今回はあくまで参考の話で、みなさまのお役に立つかどうかはわかりません。ご了承おきの上ご一読ください。間取りに対する日米の考え方の違いについてです。
以前何度かアメリカの不動産市場の視察に行ったときの印象で書きます。(最後に行ったのが2008年ですから、相当古い情報ですが、統計などを見ていると今もそう変わっていないと思います)
アメリカの住宅市場は、注文で住宅を新築するのは少数派で、ごく一部の富裕層の家づくりになります。
新築住宅なら建売分譲を検討するか、総数で言うと中古住宅を購入する方の方が圧倒的に多いのが実情です。

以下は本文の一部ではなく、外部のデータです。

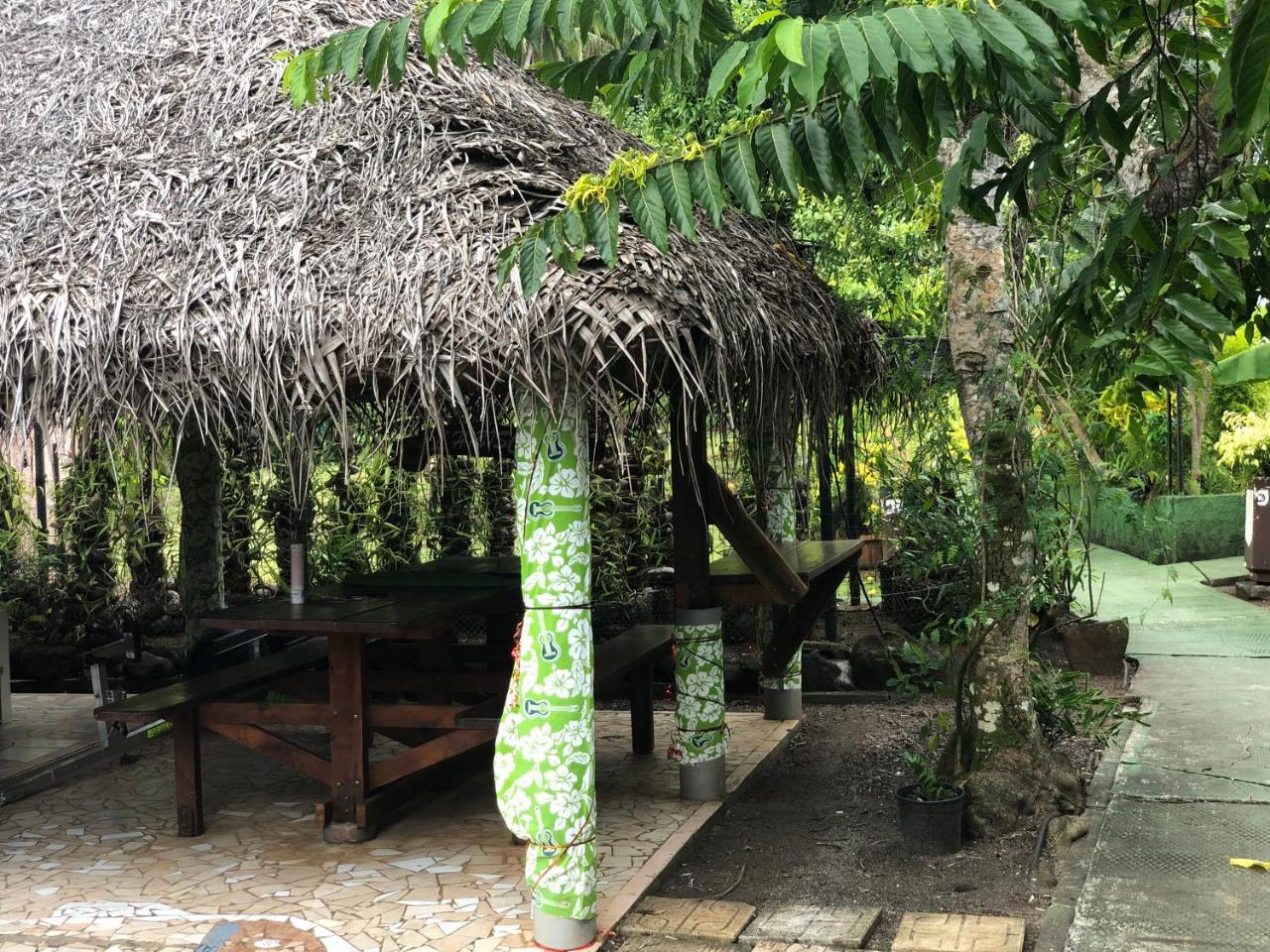 Pension Hibiscus Tahaa Uturoa Экстерьер фото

新築建売住宅は、購入後将来の転居の際に売りやすいことを前提として考えるので、企画段階から流通しやすい間取りにしてあります。
広告を見ると確かにいろいろな間取りの分譲住宅がありますが、突飛な間取りはありません。誰にも受け入れられる一般的な間取りになっています。
一方注文住宅は、日本と同様に書店などでプラン集を売っていますが、先ほど書いたように比較的富裕層が新築するためのプランで、一般の人に参考になるかどうかわかりません。
突飛な間取りであっても、将来の売却時に売りづらくて価格が安くなっても富裕層は困らないのです。
アメリカの場合、一生のうちに数回以上引っ越しすることが普通で、その都度自宅を買い替えるので、住宅も売りやすさを一番に間取りを考えます。この点日本と異なるところです。
最近では日本でも住宅の資産価値を重視する人が増えていますが、資産価値を将来の売却可能価格と考えれば、アメリカ的な考え方は理にかなっていると思います。
資産価値を重視するのに、自分の家族のためだけの特殊な間取りにすることは意向に反することになります。
その点、分譲マンションは多少の流行はありますが、誰でも受け入れられる間取りが多いので、築後50年超のマンションでも流通しています。
ちなみに金融機関の評価上、特殊な間取りや建築単価が高すぎる豪華な住宅は、競売の際も売却が難しいとして低めに評価することになっています。
どちらの国が良いかという問題ではありません。参考までにお話しした次第です。